Economic activity in the Third District is expanding but at an uneven pace. Sales at area department stores are reported to be mixed, while activity in the industrial sector continues to expand. New orders and shipments are higher than in May, while inventories remain stable. Employment and the workweek also continue to increase. For the longer term, retailers report widely differing sales forecasts while manufacturers anticipate additional improvement in business conditions. Plans for increases in capital spending over the next two quarters are less widespread than in previous months. Commercial bankers say that business loan demand is flat, but consumer loans are increasing. Housing markets are active, but with the exception of Atlantic City, no speculation in real estate is reported.

Manufacturers responding to the latest Business Outlook Survey report that general business conditions are better than in May. Of the executives surveyed, 42 percent say that business has improved this month. This is similar to the proportion reporting gains in the previous survey. New orders and shipments are higher in June, and inventories remain unchanged after increasing fractionally last month. At the same time, employment and the average workweek in the industrial sector continue to expand, although the gains are not as widespread as in May.

For the longer term, manufacturers continue to be optimistic. More than two-thirds of those polled expect better business conditions by year-end. Specific increases are projected in new orders by about two-thirds of the respondents, and shipments are expected to climb at a similar proportion of the sampled firms. At the same time, inventory levels are expected to increase over the period, and gains in employment are forecast as well. One out of three respondents plans to add to their work forces by December, and one out of five foresees a longer workweek. Increases in capital spending six months out are anticipated at one-third of the firms polled. This is down somewhat from last month and the lowest fraction since last summer.

Prices in the industrial sector continue to climb but increases are no more widespread than in May. Fifty-six percent of those sampled report paying higher prices for their inputs, while 29 percent are receiving higher prices for the products they sell. By December, about eight out of ten expect to be paying more for supplies and seven out of ten anticipate receiving higher prices for their finished products.

Department store sales in the area are mixed. Reports of current dollar sales range from 17 percent above to 8 percent below year-ago levels. For the most part, merchants say that sales are running somewhat below their expectations. They cite unseasonably cool weather, a public transit strike early in May, and going-out-of-business sales by a major competitor as reasons for sluggish performance. In general, inventories are said to be in reasonably good shape.

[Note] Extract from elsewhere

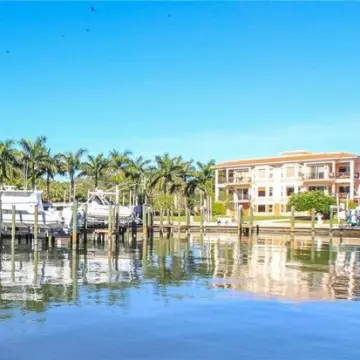 Outrigger Harbour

For the longer term, some retailers expect sales to remain weak throughout the next two quarters, while others look for a pickup. One merchant expects sales by the end of the year to be "about the same as last year in real terms with a 5 percent increase in current dollar sales."

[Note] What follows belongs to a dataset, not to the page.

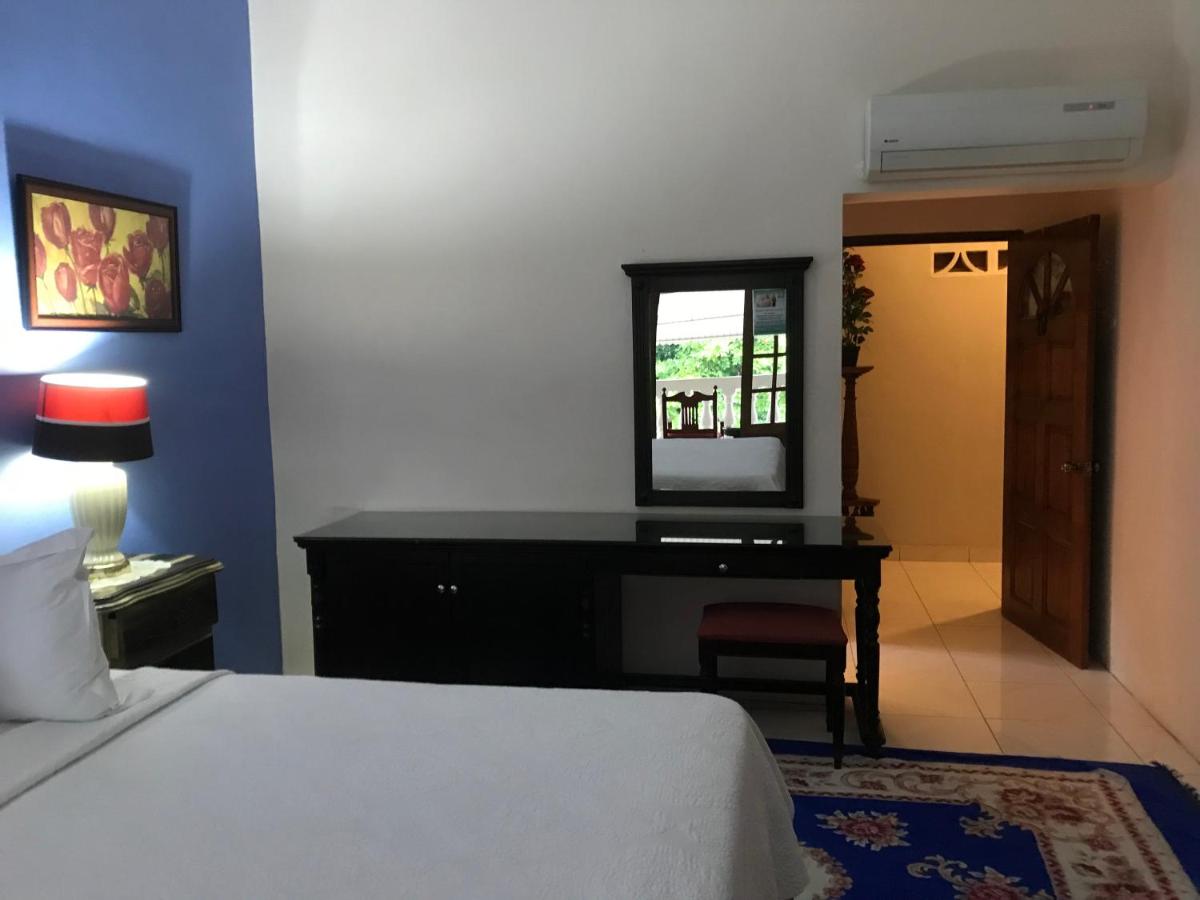 Chateau Margarita JA - Housity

Bankers in the region report that while consumer loans are expanding, business loan demand remains essentially flat. All of the banks contacted have hiked their prime rate to 6 3/4 percent, but bankers say that this has probably not slowed loan demand. One notes that his bank has made a few loans at rates below prime in order to attract some non-local customers.

For the longer term, bankers look for moderate gains in business loans and further increases in interest rates. One banker expects commercial and industrial loan volume by the end of this year to be about 6 percent above year-end '76. He notes that loan volume is currently running behind that expectation. At the same time, gradual increases in interest rates are expected with a prime rate at the end of the year in the 7-7 1/2 percent range.

The subject of real estate speculation was discussed with several contacts at various locations in the Third District. With the exception of Atlantic City, there are no reports of any speculative activity. Mortgage lending is reported to be strong in some parts of the District, but there is little in the way of "second mortgage" activity at the institutions surveyed. One executive of a large MSB in Philadelphia notes that, "We don't have any speculation in this area, and we don't expect to see any." According to this official, land prices and construction costs are going up at "expected" rates and appraisals of existing housing are not climbing "inordinately." Moreover, he adds that there is little or no excess demand for housing in the region, and this type of market will not support much speculation.

Commercial bankers in the Pocono Mountains resort area say that residential and commercial real estate markets appear to be "orderly"—sales activity and price movements are well in line with their expectations. In the Lancaster area, price increases for housing and farmland are about the same as last year. Some farmland there is being converted to commercial use, and all land that is being sold appears to be for the immediate active use of the buyers.

One area where real estate prices have gone up at a much faster rate than in the past is Atlantic City. An official with that city's Housing Authority attributes this to the recent legalization of casino gambling in that city. In one case, a lot which sold for $800 before the casino referendum sold for $10,000 afterwards. In this contact's view, "Some of these prices seem out of line, but with the casinos on the horizon, who knows?"